The VAT cash accounting system is optional for the following taxpayers:
- taxpayers registered for VAT purposes in Romania and established in that country which registered in the previous year an annual turnover lower than RON 4,500,000.
- taxpayers established in Romania which register for VAT purposes during the calendar year and who opt for application of the VAT cash-in system starting with the date of VAT registration or later, during the year of VAT registration, provided that the turnover does not exceed the amount of RON 4,500,000.
By exception, the VAT cash in system does not apply to the following taxpayers:
- taxpayers who are part of a VAT fiscal group,
- taxpayers who are not established for VAT purposes in Romania,
- taxpayers whose turnover exceeded the aforementioned threshold in the previous year,
- Taxpayers who register for VAT purposes through the normal procedure during the year and who have exceeded the ceiling of RON 4,500,000 in the previous year or in the current calendar year, computed according to the operations performed during the period in which the person had a valid VAT code.
The VAT cash accounting system does not apply for VAT exempt transactions, for transactions subject to special VAT schemes (e.g. the special schemes for travel agencies, second- hand goods, works of art, antiquity, gold investments), for transactions performed between related parties or for those subject to reverse charge mechanism (i.e. when the beneficiary is the person obliged for paying the VAT).
The taxable person having the seat of economic activity in Romania who carries out or intends to carry out an economic activity involving taxable operations, VAT exempt with credit and /or operations resulting from economic activities for which the place of supply is considered to be abroad, if the VAT were deductible, if these operations were carried out in Romania, must apply for the VAT registration to the competent tax authority, if during a calendar year he reaches the exemption threshold of RON 300,000 (EUR 88,500).

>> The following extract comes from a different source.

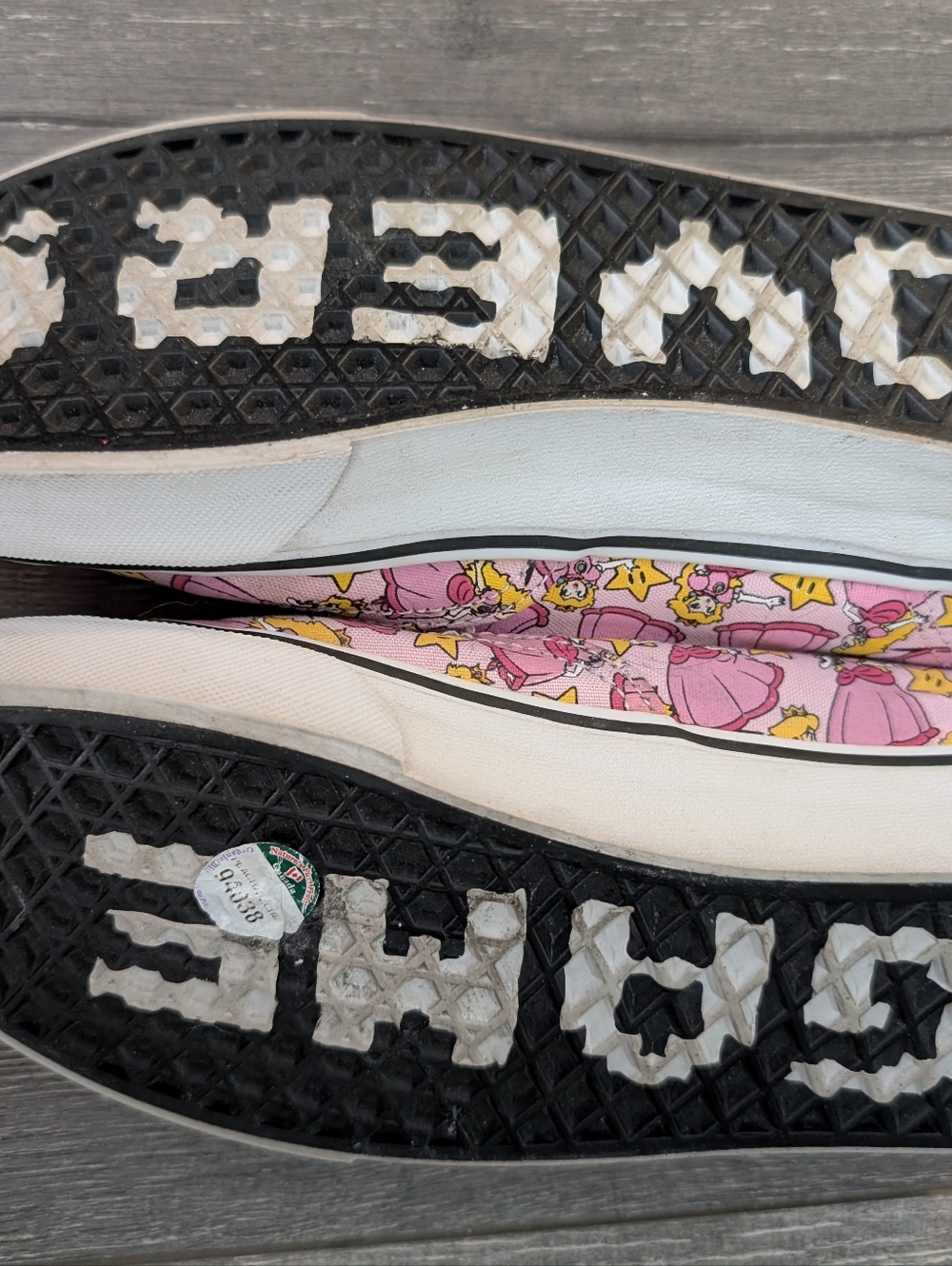Vans Nintendo Princess Peach Mario Galaxy - Picture 4 of 5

Currently, there is a draft law under public debate stating that starting September 1, 2025, the threshold will increase to RON 395,000; the taxation regime being applicable starting with the transaction that leads to exceeding the threshold.

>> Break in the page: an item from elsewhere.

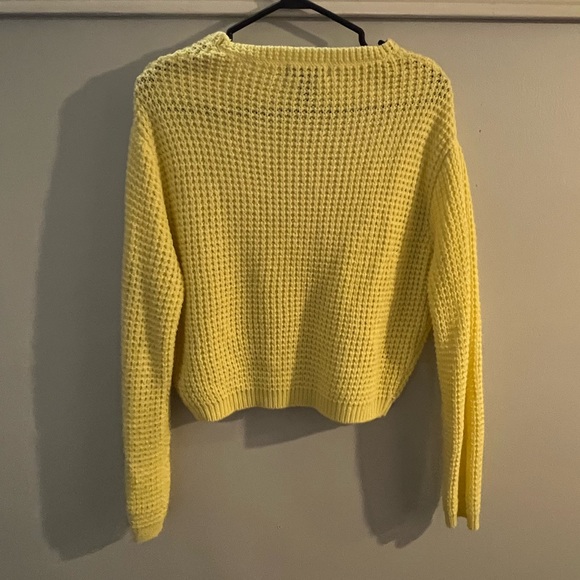 Sweater - Picture 1 of 2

Foreign taxpayers may register in Romania for VAT purposes without the need to form a local company – known as a non- resident VAT trading. There is no VAT threshold in Romania for the registration of non-resident traders. For businesses incorporated in other countries but established for VAT purposes in Romania by means of a fixed establishment, a Romanian VAT number must be obtained before the commencement of taxable supplies.
Foreign traders not established for VAT purposes in Romania have an obligation to register for VAT purposes in Romania for:
- supplies of goods or services that are subject to Romanian VAT or are considered VAT exempt with credit (other than transport services and their ancillary services, which are exempt), except for the cases where the person who is liable to pay the tax is the beneficiary of goods or services;
- intra-community acquisitions/supplies of goods in/from Romania;
Not-established VAT payers may register for VAT purposes in Romania for imports of goods and for transactions with immovable properties for which they chose to apply the taxation regime.

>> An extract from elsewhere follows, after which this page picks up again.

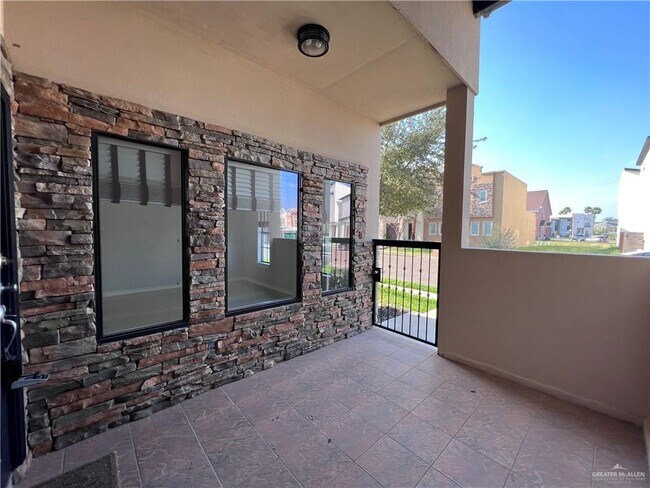 Foto del edificio - 6808 N 4th St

Starting 1st of July 2021, the new e-commerce rules were implemented in Romania. The new rules allow taxable persons selling goods online and providing TBEU services to fulfil certain VAT obligations at EU level via a digital online portal (the so called “One-Stop Shop” - OSS). EU OSS and non-EU OSS were implemented in Romania.
The place of supply in the case of intra-Community distance sales of goods and for TBEU services shall be in Romania if the following conditions are fulfilled:
- the supplier is established or, if not established, has his permanent domicile or habitual residence in a single EU Member State;
- the services are provided to non-taxable persons who are established, have their permanent domicile or their habitual residence in Romania or the goods are dispatched or transported to Romania;
- the total value, without VAT, of the operations mentioned above exceed, in the current calendar year and in the previous calendar year, EUR 10,000 (RON 46,337).
EU OSS registration could be considered in order to avoid VAT compliance costs in several EU countries.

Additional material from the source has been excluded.